Many expected the war to be quick and painless, but it turned into “total war”. Soldiers and civilians had new roles. Lengthy, deadly battles were fought with destructive weapons. National economies geared toward the war effort. Governments revoked civil liberties. Many civilians lost their lives or livelihoods as armies marched through.

When Germany invaded, Belgians defended and joined the British on the Franco-Prussian border. Germany also had to send troops to deal with invasion from Russia. The German army was weak and exhausted. Paranoid Germans harshly dealt with suspected Belgian partisans, francs-tireurs, by executing civilians and burning the city of Louvain. At the Battle of the Marne, France used everything it had to attack a gap in the German line and successfully drew them back.

The war saw the beginning of trench warfare; armies on both sides dug hundreds of miles of trenches to shelter from gunfire. The conditions in the trenches were appalling. Over 28 billion pieces of mail were sent between home and the front. Weapons like machine guns, grenades, poison gas, flamethrowers, long-range artillery, airplanes, and tanks resulted in deadly and traumatic battles. Military units were often destroyed in poorly planned frontal assaults, and the wounded and dead could rarely be retrieved. Leading generals struggled to understand the new battlefield. Frontal assaults would often result in no real territorial gain but cause mass casualties. Germany’s attack against Verdun left over 700,000 death or wounded with no gains.

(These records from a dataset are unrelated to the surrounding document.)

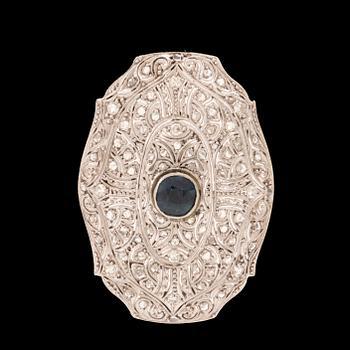 An 18K white gold brooch set with a facet-cut sapphire possibly synthetic, as well as brilliant and rose-cut diamonds.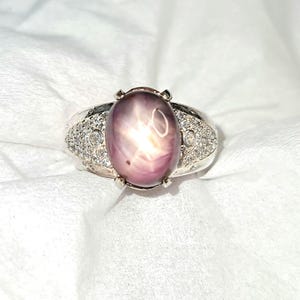 Peut inclure: Une bague en argent avec une grande pierre précieuse ovale de couleur violette taillée en cabochon avec un effet étoile. L'anneau est orné de nombreuses petites pierres rondes transparentes en pavé et de deux pierres plus grandes sur les côtés.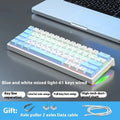 Compact bluish-black 61-key wired mechanical keyboard with hot-swappable switches on a desk.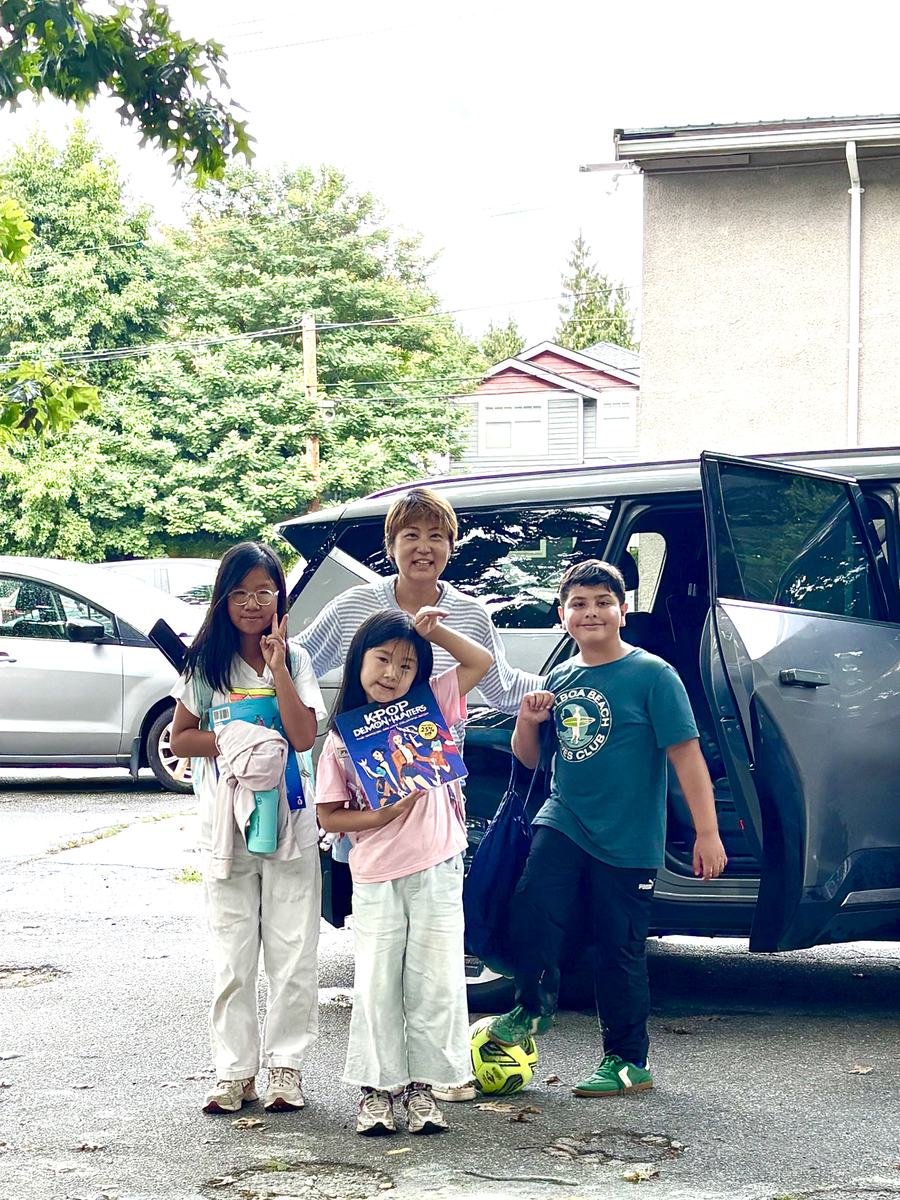 Four students standing beside the open car door holding their certificates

In the Battle of the Somme, British artillery fired at the German lines for seven days straight. Germans suffered in their dugouts-underground shelters-while the British moved towards them. They set up their defenses and mowed down the British. About 20,000 were killed and 40,000 wounded on the first day, which diminished troop morale and public opinion. In the end, 420,000 British, 200,000 French, and 600,000 Germans were killed only for the Germans to be pushed back seven miles.

Germany dominated the eastern front, but Russians continued to fight and did indeed put pressure on them. However, by 1915, the eastern front was in Germany’s favor. 2.5 million Russians had died. The Germans occupied Russian land in central Europe, but Russia continued. Germany instituted military bureaucracy to govern the territories. Anti-Slavic prejudice ran rampant. Military administrators used forced labor and stole food. About a third of the civilian population died or became refugees.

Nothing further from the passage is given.